2. The customer node

One Proxmox host per box (PVE 9.2, Debian 13, LVM-thin).
Default workload topology: one customer LXC, Docker inside it, each app a Docker container/stack. Apps are isolated at the Docker layer (separate containers, networks, volumes, cgroup limits); they share one LXC/kernel/Docker daemon.
Escape hatch: promote an individual app to its own guest (LXC or VM) only for a specific reason — a non-Linux/Windows app, a genuinely untrusted or exposed app needing hard isolation, or a resource hog needing guarantees.
Multi-tenant: one customer per host is the home default; multiple customer LXCs on one host (a company environment) is not precluded — the agent manages a set of guests.

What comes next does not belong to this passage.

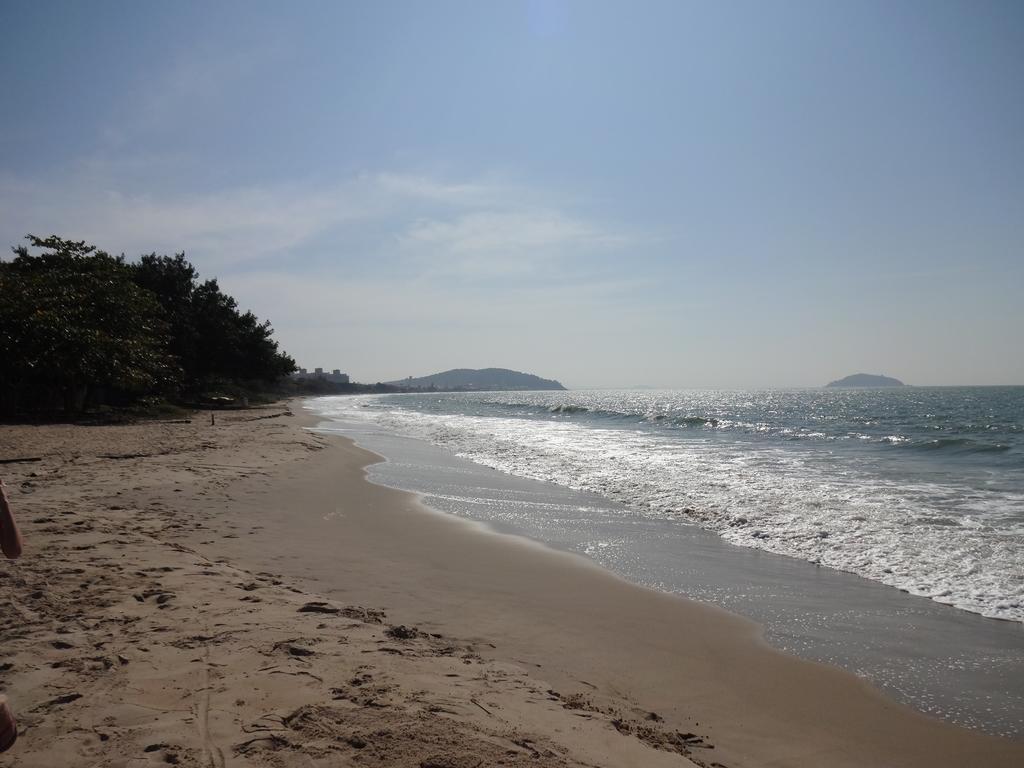 Apto E Suites Praia Do Itapocoroi เปงญา ภายนอก รูปภาพ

The only multi-tenant-specific work deferred to "if it becomes real" is resource fairness (per-guest disk/RAM/CPU quotas).

3. Components & responsibilities

	Hub	Host agent	In-guest controller
Runs on	dooplex.hu (k3s)	the Proxmox host	the customer LXC
Tier	operator backend	operator (high-privilege)	customer-facing (app)
Holds	customer records, signed-job source, PBS namespaces, escrowed keys	the only Proxmox API token; per-host operator identity	no Proxmox creds; its own hub API key + a local-API token to the agent
Does	reporting sink, dashboard, job queue, source of durable truth	all Proxmox ops (provision, restore, snapshot, backup, storage mgmt, LXC lifecycle); polls hub for signed jobs; exposes a constrained local API to the controller; per-guest authorization gate	Docker/app lifecycle, catalog deploy, customer UI, app-level (data-layer) backup; reports app-domain to the hub directly
Never does	initiate a connection into a box	—	touch the Proxmox API directly

Key separation: the controller manages Docker; the agent manages Proxmox. The controller's only path to guest-level operations (snapshot-before-deploy, "grow my RAM") is a constrained local API call to the agent, which the agent authorizes (scoped to that controller's own guest) and executes with its operator-tier token. This consolidates all Proxmox access and all per-guest authorization in one auditable place and leaves the guest with zero Proxmox credentials.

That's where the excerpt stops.